Pictures in the records below must be left out. Return exactly the lines from the line with "Silver Pen Fuente Póster 2" to the line with "Toad Lily (Tricyrtis", both included.

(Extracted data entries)
--- START ---
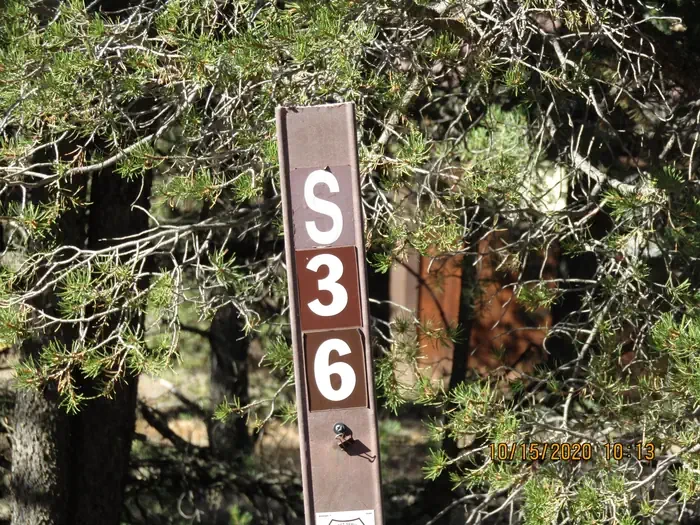 36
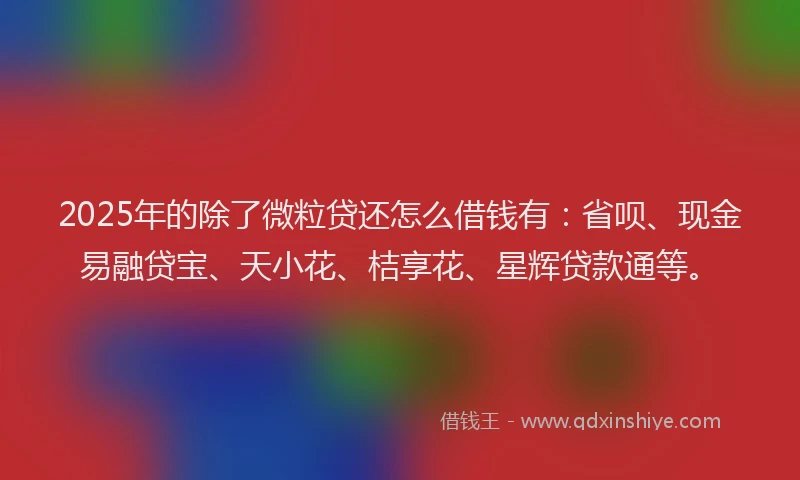 2025年的除了微粒贷还怎么借钱有：省呗、现金易融贷宝、天小花、桔享花、星辉贷款通等。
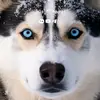 sinaali61122 - @sinaali219 - TikTok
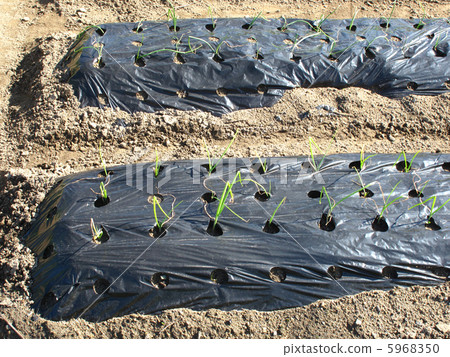 黑色多座位 5968350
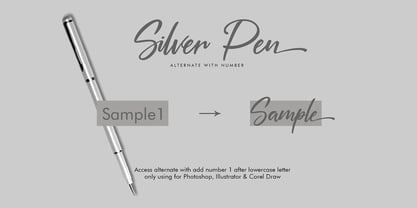 Silver Pen Fuente Póster 2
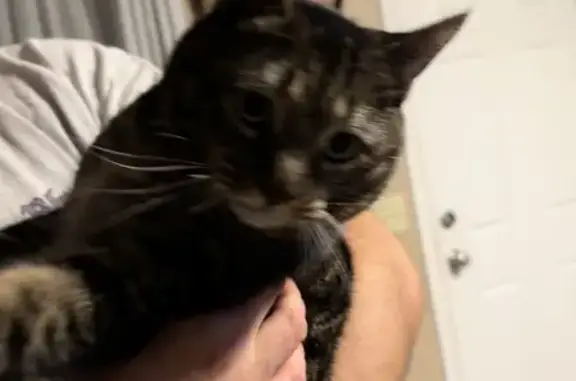 Found pets , photo: Found Cat Near FMS Lincoln Drive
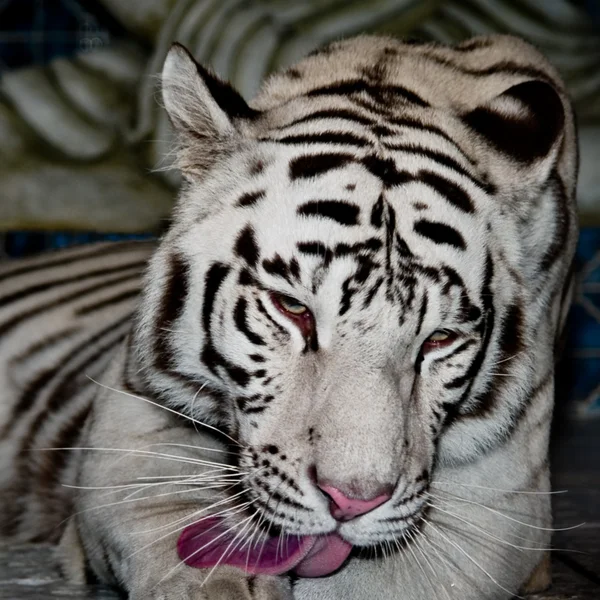 stock image White Tiger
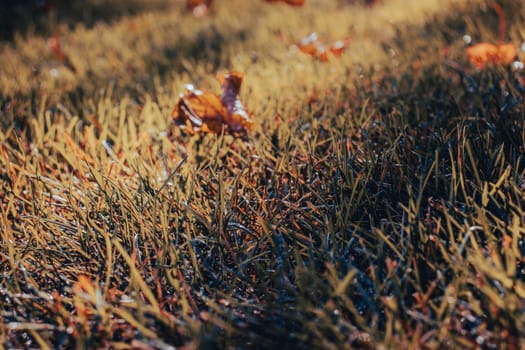 Close up fallen yellow leaves on grass in park concept photo. Green grass and fallen leaves. Lawn - grass with leaves - autumn background. Beautiful nature scenery photography. High quality picture for wallpaper, travel blog.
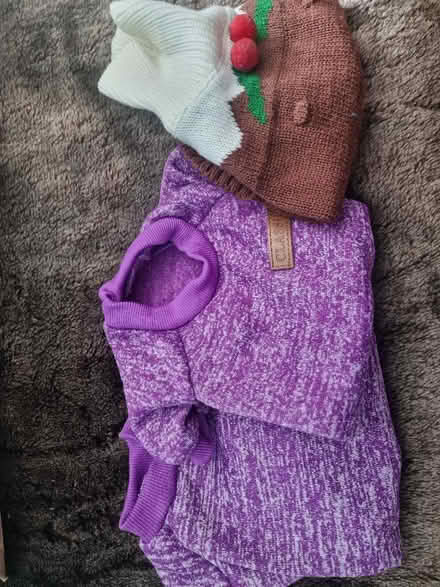 Photo of free 3 tiny dog / cat coats. Less than 4kg (Linden GL1) #1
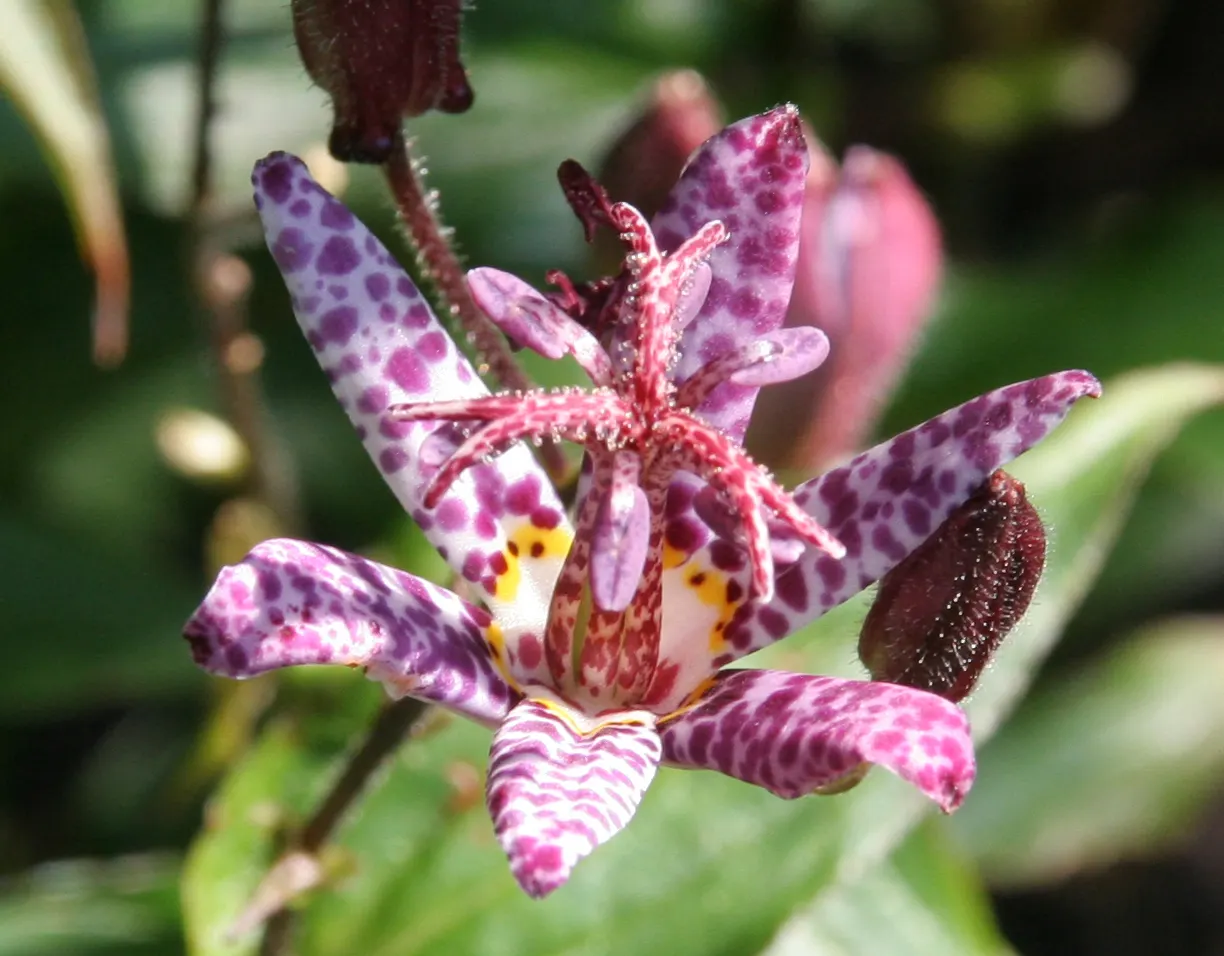 Toad Lily (Tricyrtis Hirta) — heavily spotted with deep purple; speckled flowers appear in late summer to fall, image 99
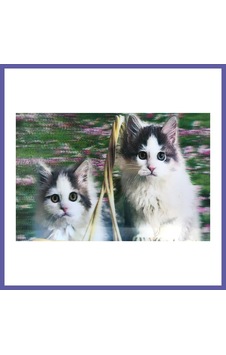 Bezos 3 Boyutlu Resim Sevimli Kediler İkili Kedi Resmi Tablosu 40x60 Cm Nıda Bezos 3 Boyutlu Resim Sevimli Kediler İkili Kedi Resmi Tablosu 40x60 Cm Nıda
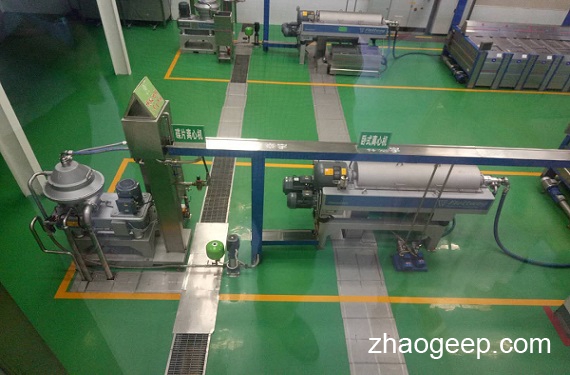 兆格分享:淺析油橄欖制油工藝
--- END ---
**RESPONSE**
 Silver Pen Fuente Póster 2
 Found pets , photo: Found Cat Near FMS Lincoln Drive
 stock image White Tiger
 Close up fallen yellow leaves on grass in park concept photo. Green grass and fallen leaves. Lawn - grass with leaves - autumn background. Beautiful nature scenery photography. High quality picture for wallpaper, travel blog.
 Photo of free 3 tiny dog / cat coats. Less than 4kg (Linden GL1) #1
 Toad Lily (Tricyrtis Hirta) — heavily spotted with deep purple; speckled flowers appear in late summer to fall, image 99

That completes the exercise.